Dow Chemical Co. is combining a large part of its chlorine value chain with specialty chemicals and ammunition maker Olin Corp. to create a global materials firm with annual sales of almost $7 billion.
The combination includes Dow's global epoxy business and units that make feedstocks used in PVC production. The Dow businesses to be spun off have annual sales of about $5 billion and employ almost 2,000 at 11 manufacturing sites worldwide.
Shareholders in Midland, Mich.-based Dow will own 50.5 percent of the new firm with shareholders of Clayton, Mo.-based Olin owning the remaining 49.5 percent. The transaction is expected to be approved by Olin shareholders by the end of the year, officials with both firms said in a March 27 news release. The combination is expected to create at least $200 million in annual synergies and cost savings.
Olin posted sales of $2.24 billion in 2014, down 11 percent vs. 2013. Chlor-alkali products – including PVC precursor chlorine - generated about 56 percent of the firm's 2014 sales, with the Winchester ammunition business contributing about 32 percent.
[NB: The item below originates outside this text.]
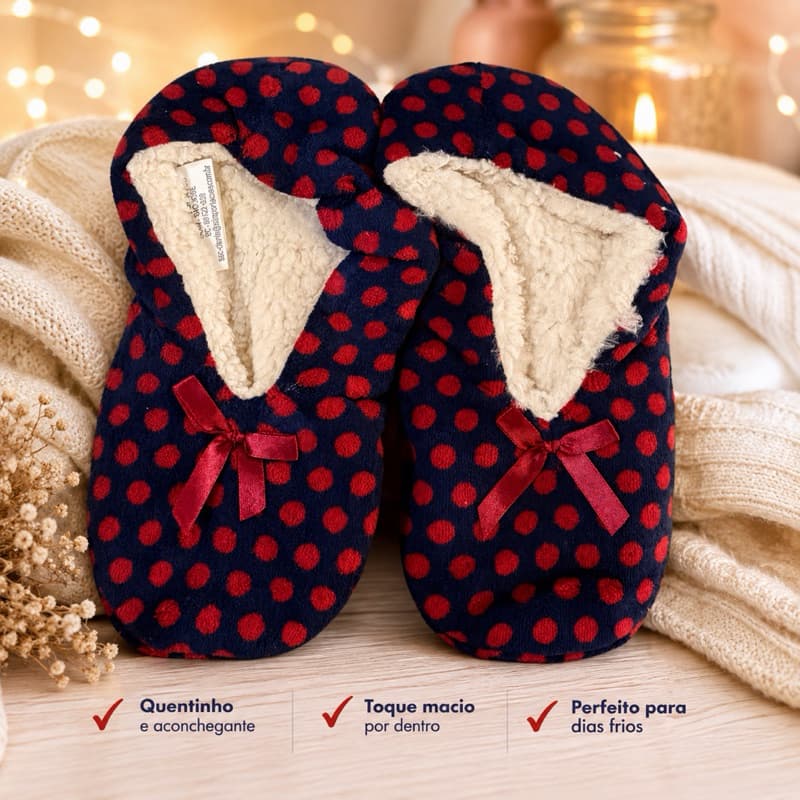 Pantufa Sapato Meia Térmica Inverno Forrada Pelúcia Conforto Sem Solado Rígido feminina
Dow first put the chlorine-related businesses up for sale or spinoff in December 2013. “These businesses have served us well over decades, but are serving markets that Dow has exited over time,” Dow Chairman and CEO Andrew Liveris said at the time.
In the March 27 release, Liveris said that “by combining Dow's world-class assets and people with Olin, we are creating a premier company with the scope… [to] leverage long-term growth opportunities.”
Olin Chairman and CEO Joseph Rupp added that the transaction “is a natural fit to our strategic objectives – creating a sustainable, long-term growth platform and enhanced shareholder and customer value.”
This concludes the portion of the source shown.